An exact copy of the data is required. No picture may appear in it.

COLLECTED DATA:
====

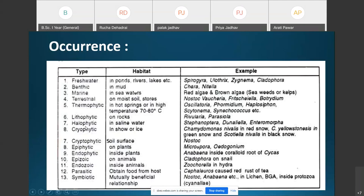Halophytic algae are found in extremely saline water with very high salt concentration. Cryophytic algae are present on mountain peaks covered with snow and ice, imparting attractive colors to the mountains.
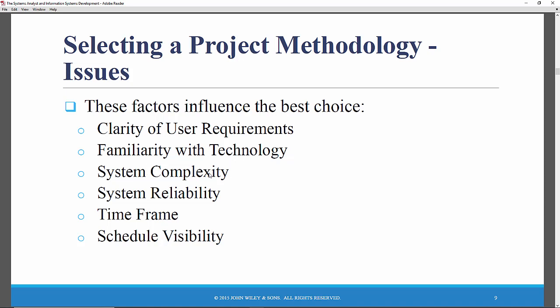How complex is this new system? Does it have a wide array of features? Will the system need to be integrated with other existing systems? Does it span multiple organizational units? How reliable does the system need to be? Note that not all information systems need to be highly reliable, but some do — for example, a missile fire control system or a hospital system used for critical life support functions.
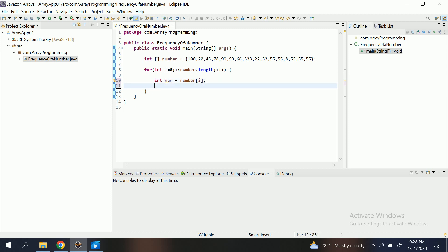Then I am putting one condition: if num equals equals minus one, then continue. What continue does is when the condition goes true, that is num equal to minus one, then the control goes to continue and the program will not move forward.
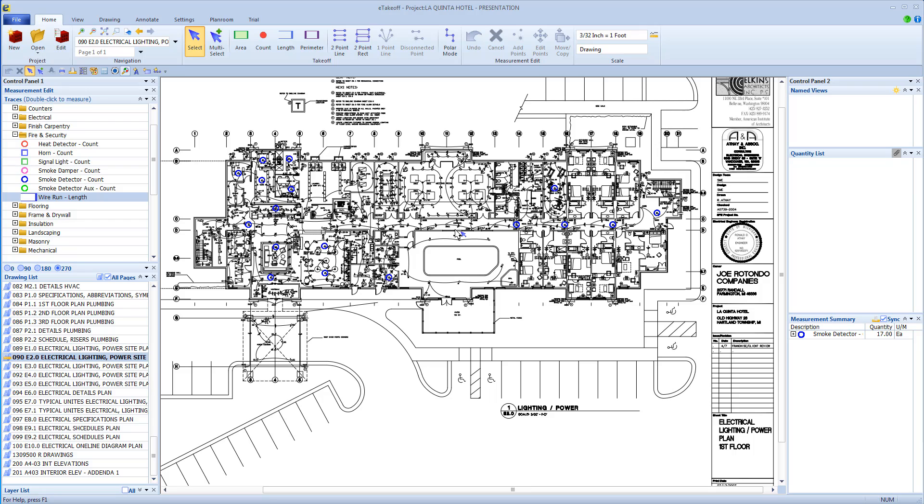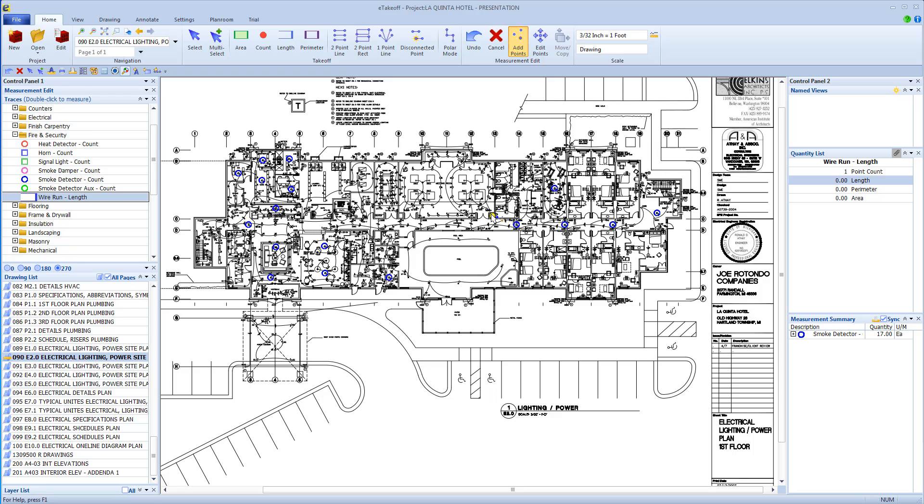There are two ways to use this new feature. First, select the line or length trace you want to use. Then click the drawing at the common or central hub location.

====

ANSWER BOX:
Halophytic algae are found in extremely saline water with very high salt concentration. Cryophytic algae are present on mountain peaks covered with snow and ice, imparting attractive colors to the mountains.
How complex is this new system? Does it have a wide array of features? Will the system need to be integrated with other existing systems? Does it span multiple organizational units? How reliable does the system need to be? Note that not all information systems need to be highly reliable, but some do — for example, a missile fire control system or a hospital system used for critical life support functions.
Then I am putting one condition: if num equals equals minus one, then continue. What continue does is when the condition goes true, that is num equal to minus one, then the control goes to continue and the program will not move forward.
There are two ways to use this new feature. First, select the line or length trace you want to use. Then click the drawing at the common or central hub location.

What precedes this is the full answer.